§ Task goal
From the first line to the last, restate the material word for word, omitting pictures.

§ Data provided
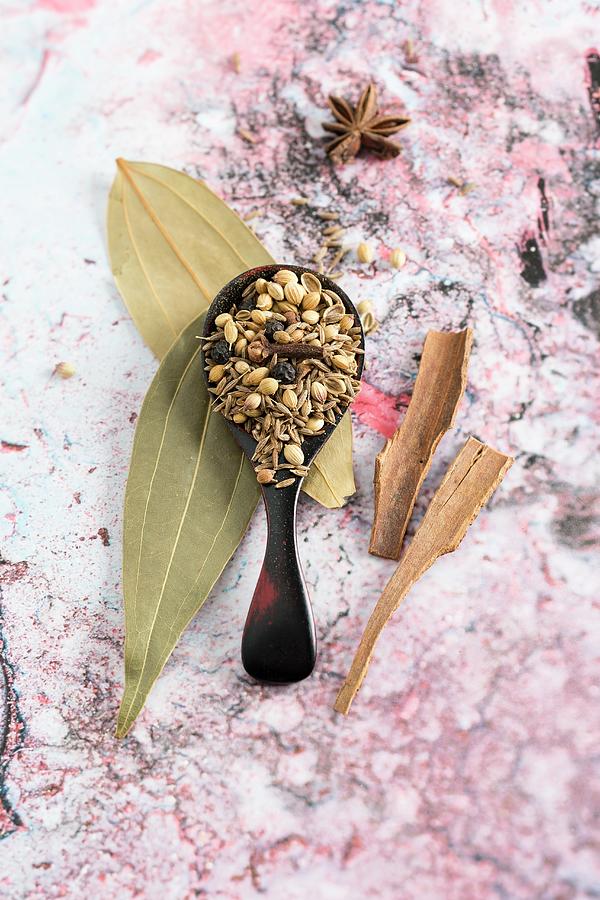Spoon Still Life Photograph - Garam Masala indian Spice Mixture On A Wooden Spoon by Mandy Reschke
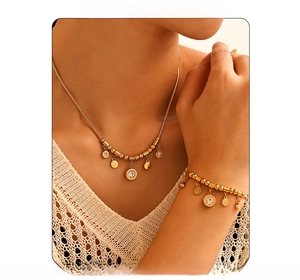 Close-up of gold stainless steel necklace and bracelet set with round Roman numeral charms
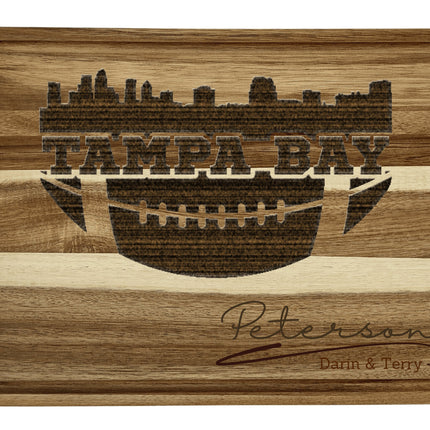 Custom Tampa Bay football cutting board featuring the city skyline and a football design. Personalized as requested to make a great gift.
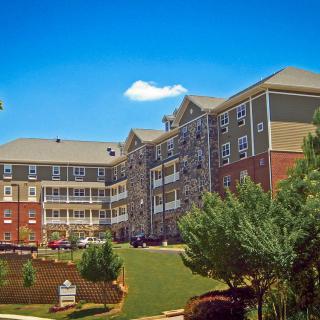 A residential apartment building surrounded by trees under a clear blue sky.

§ Task response
Spoon Still Life Photograph - Garam Masala indian Spice Mixture On A Wooden Spoon by Mandy Reschke
 Close-up of gold stainless steel necklace and bracelet set with round Roman numeral charms
 Custom Tampa Bay football cutting board featuring the city skyline and a football design. Personalized as requested to make a great gift.
 A residential apartment building surrounded by trees under a clear blue sky.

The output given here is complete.